Captioned web image data ::
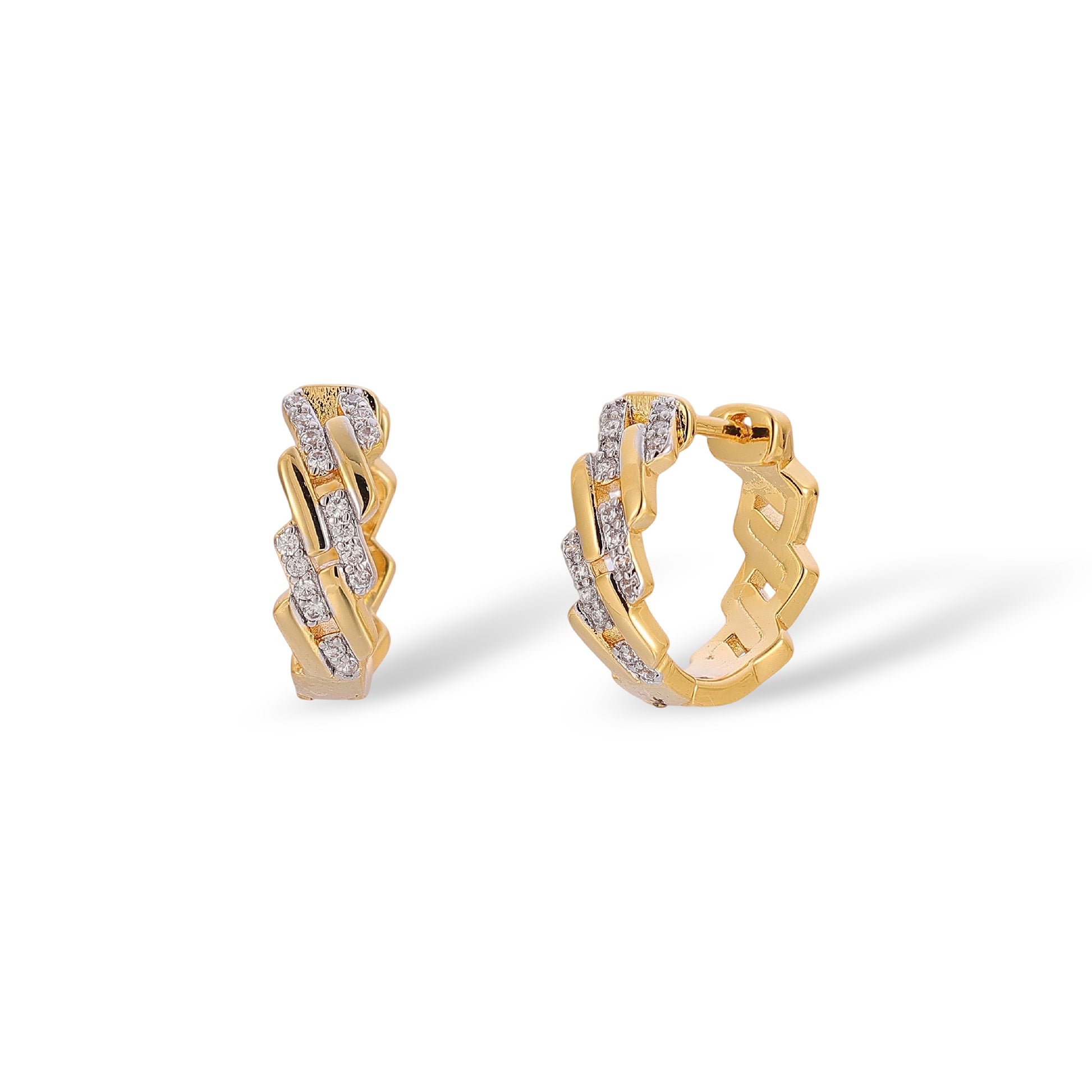 Laila 14K Gold Braided Huggie Earrings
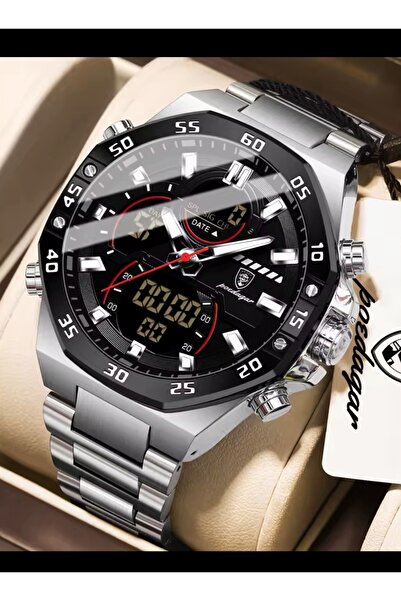 POEDAGAR Dijital Analog Metal Spor Erkek Kol Saati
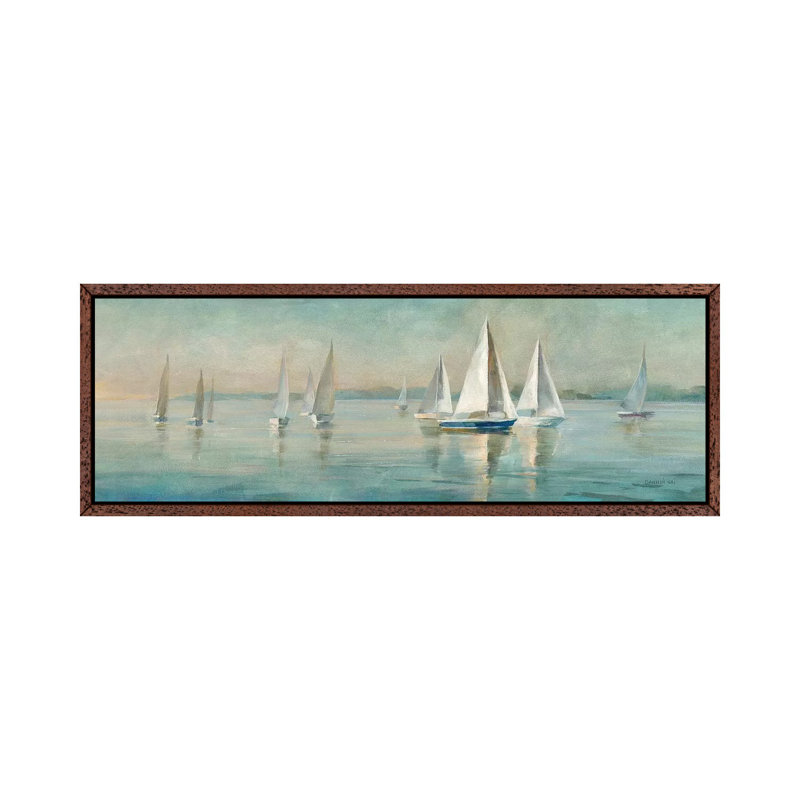 Sailboats At Sunrise by Danhui Nai - Panoramic Painting on Canvas, 152.4 cm H x 50.8 cm W, Classic Wood Framed Canvas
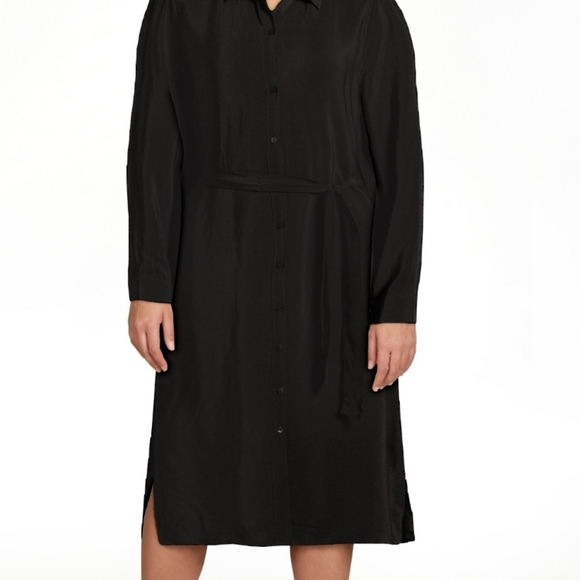 NWT Time and Tru Women’s Button Front Shirt Dress with Long Sleeves, Size Large - Picture 1 of 4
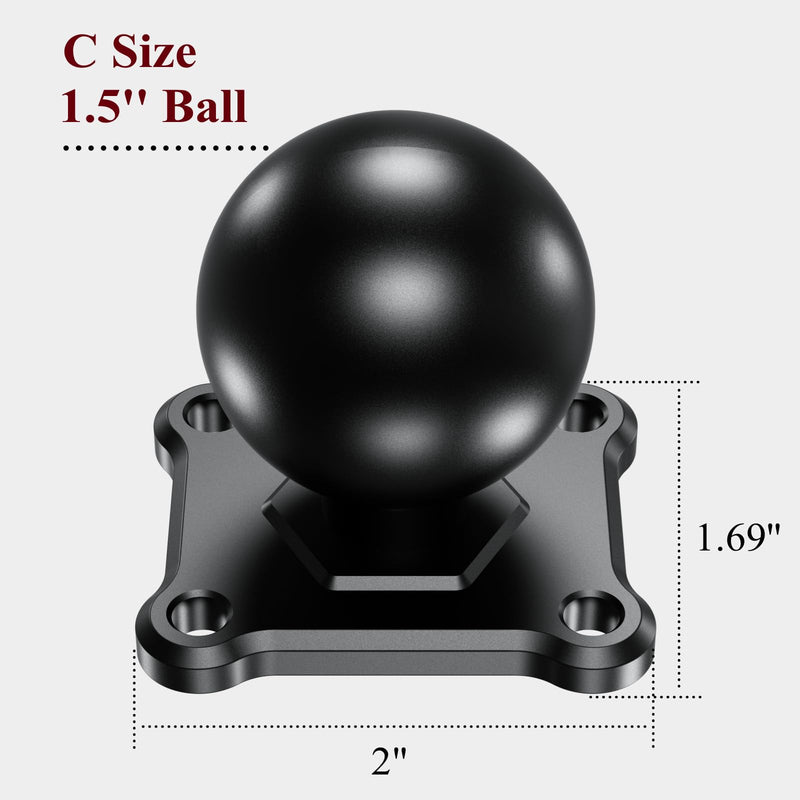 [Australia - AusPower] - BRCOVAN 1.5'' Ball Mount Base with Aluminum Alloy 4-Hole AMPS Square Plate & 1.5'' TPU Ball Adapter Compatible with RAM Mounts C Size 1.5 Inch Ball Double Socket Arm 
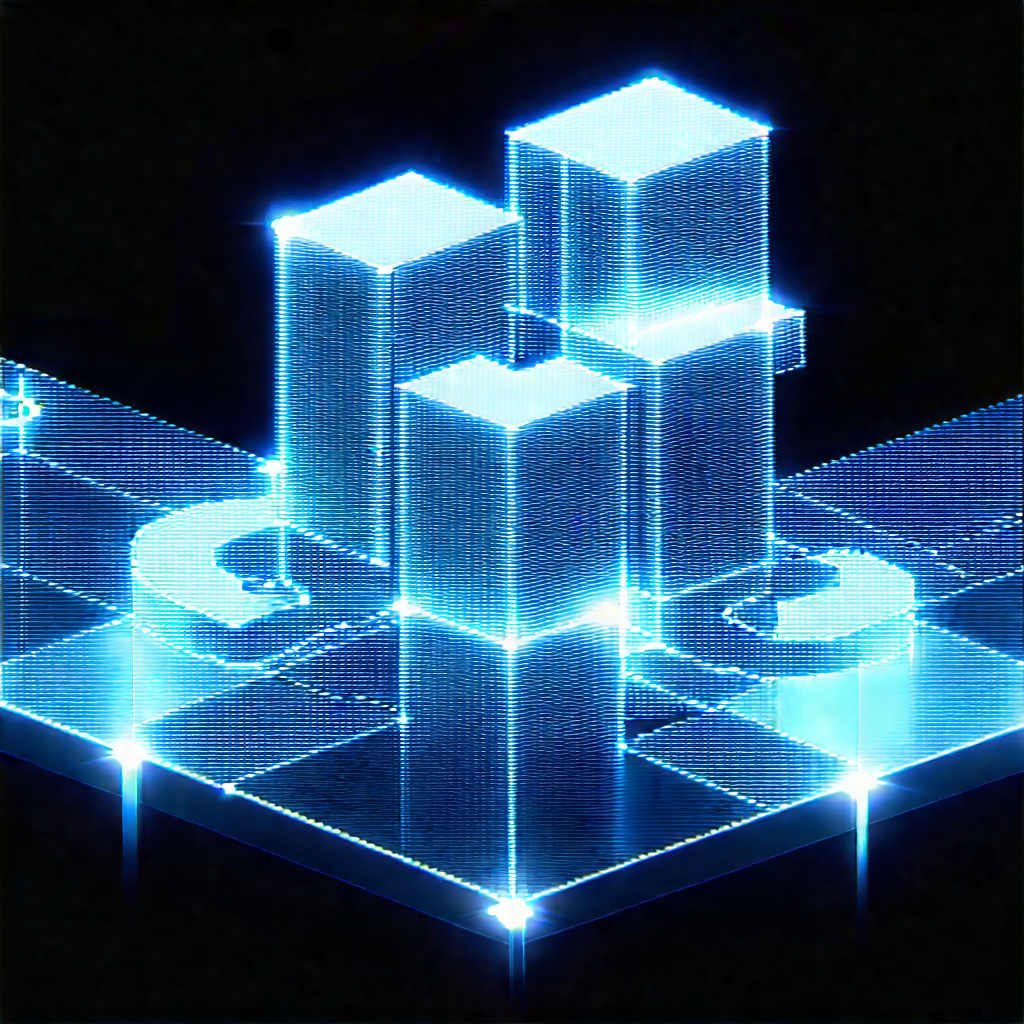 Blockchain Network Visualization With Blue White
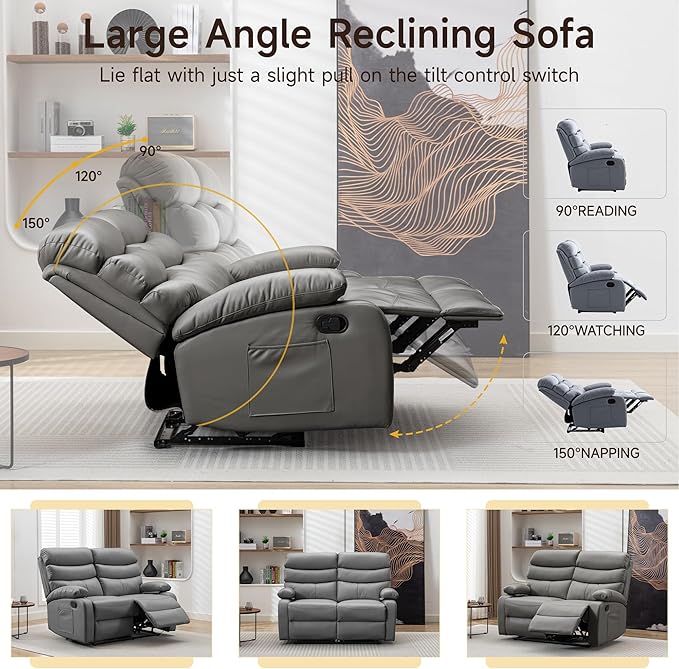 Reclining Loveseat Leather Double Recliner Sofa with Side Pocket Wall Hugger Loveseat Recliner for Living Room RV Home Theater(Grey)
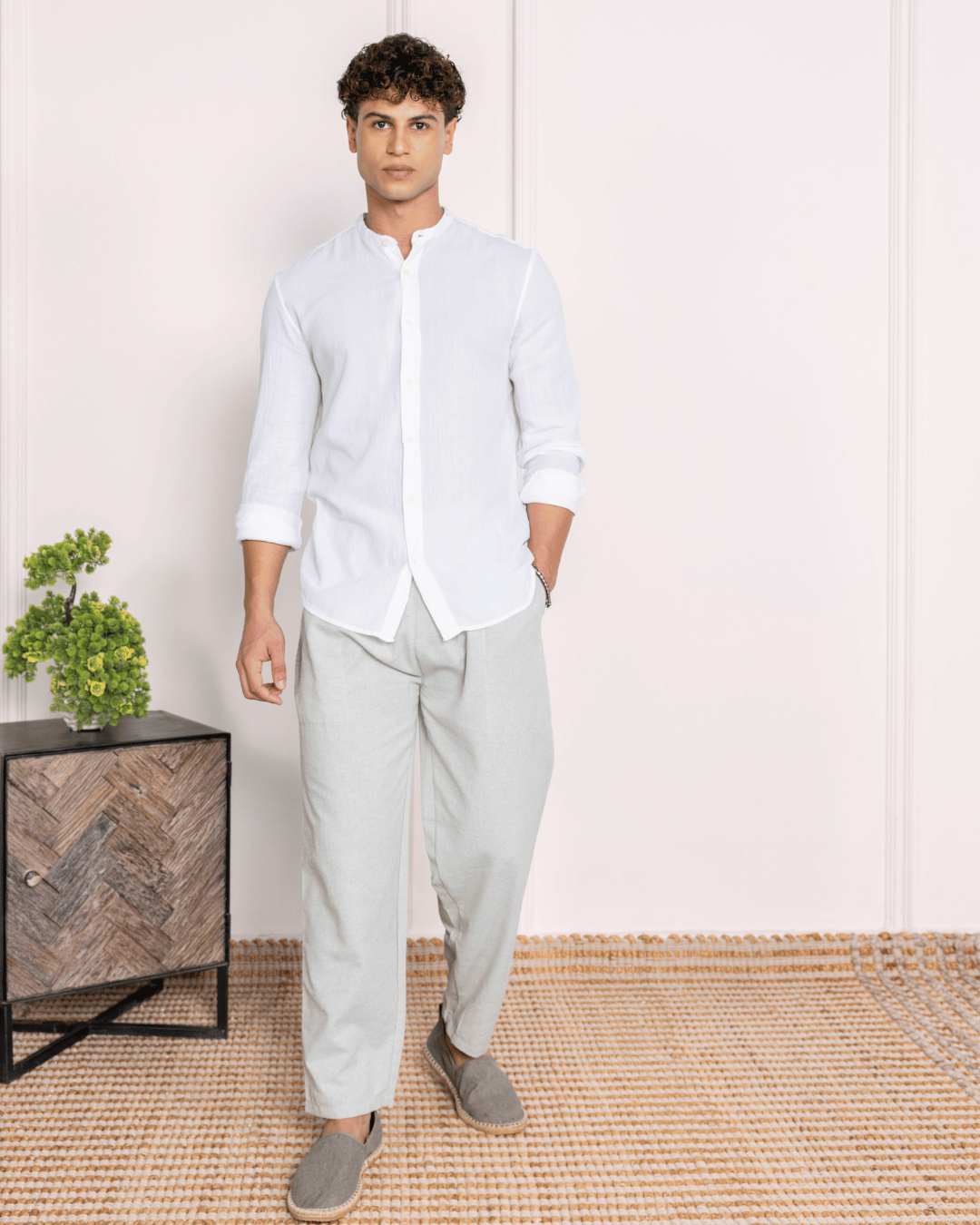 Sage Grey Straight Fit Cotton Pants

What is needed :: Output every record verbatim, skipping images.

Solution to the problem ::
 Laila 14K Gold Braided Huggie Earrings
 POEDAGAR Dijital Analog Metal Spor Erkek Kol Saati
 Sailboats At Sunrise by Danhui Nai - Panoramic Painting on Canvas, 152.4 cm H x 50.8 cm W, Classic Wood Framed Canvas
 NWT Time and Tru Women’s Button Front Shirt Dress with Long Sleeves, Size Large - Picture 1 of 4
 [Australia - AusPower] - BRCOVAN 1.5'' Ball Mount Base with Aluminum Alloy 4-Hole AMPS Square Plate & 1.5'' TPU Ball Adapter Compatible with RAM Mounts C Size 1.5 Inch Ball Double Socket Arm 
 Blockchain Network Visualization With Blue White
 Reclining Loveseat Leather Double Recliner Sofa with Side Pocket Wall Hugger Loveseat Recliner for Living Room RV Home Theater(Grey)
 Sage Grey Straight Fit Cotton Pants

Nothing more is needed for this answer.